Oh Fucking Brilliant, Let’s Crowdsource the Hallucinations
Great. Just what we fucking need. Some bright spark startup has decided that the solution to AI chatbots talking absolute bollocks is to get MORE chatbots involved. Because apparently, if one pile of stochastic parrot shit hallucinates a legal precedent that gets you arrested, having five more piles of code agree with it somehow makes it legally binding? For fuck’s sake.
The genius plan – and I’m using “genius” here with the same sincerity I’d use when calling a power surge “atmospheric excitement” – is to crowdsource AI verification. Ask multiple models the same question, aggregate the responses, and magically produce “reliable” truth. Newsflash, meatbags: if you ask ten bullshitters the time, you don’t get a clock, you get a fucking committee meeting about what “now” means, followed by three of them confidently insisting it’s actually 1973.
These muppets think slapping a “wisdom of the crowds” sticker on generative AI will fix the fundamental problem that these systems don’t know shit from Shinola. They’re probability engines dressed up as oracles. Crowdsourcing doesn’t help when the entire crowd is making things up based on training data scraped from Reddit threads and 4chan posts from 2007 that were written by teenagers huffing glue.
And who’s verifying the verifiers? Oh right, other AIs, or worse, actual humans who get paid peanuts to click buttons until their eyes bleed in some digital sweatshop. It’s turtles all the way down, except the turtles are on fire and wrapped in blockchain-flavored buzzword salad designed to separate VCs from their money before the whole shitshow collapses into a singularity of bullshit.
Mark my words, this is just creating a ouroboros of artificial stupidity. Soon we’ll have AI crowdsourcing the crowdsourcing of AI to verify the AI that’s crowdsourcing the verification. Meanwhile, Dave from accounting is still going to paste his tax return into ChatGPT because he thinks it’s magic, and no amount of democratically hallucinated consensus is going to stop him claiming his dog as a dependent and his lunch as a “business expense involving prostitutes.”

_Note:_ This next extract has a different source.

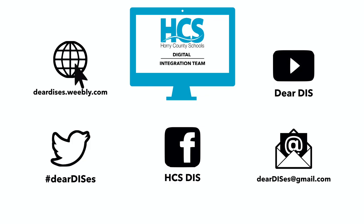So again, that's how you use EdPuzzle to help create video assignments. Thank you for watching. Be sure to like, comment, or reply to one of our videos to share or share this playlist below. Subscribe to our channel and enable notifications so that you don't miss out on the next episode. Don't forget to check out our resources like the Discast podcast and see what else is going on in Horry County Schools. Be sure to follow at Dear Dis's on social media or contact us via email or our blog.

Last week some user asked me to “crowdsource” a solution to why their printer wasn’t working. I told them to ask five different printers for their opinions and aggregate the results. Strangely, when they smashed their HP LaserJet with a hammer while asking the office Canon for a second opinion, it didn’t produce a working printer – it just produced a fire hazard and a very angry facilities manager. But at least it was more reliable than these chatbot circle-jerks.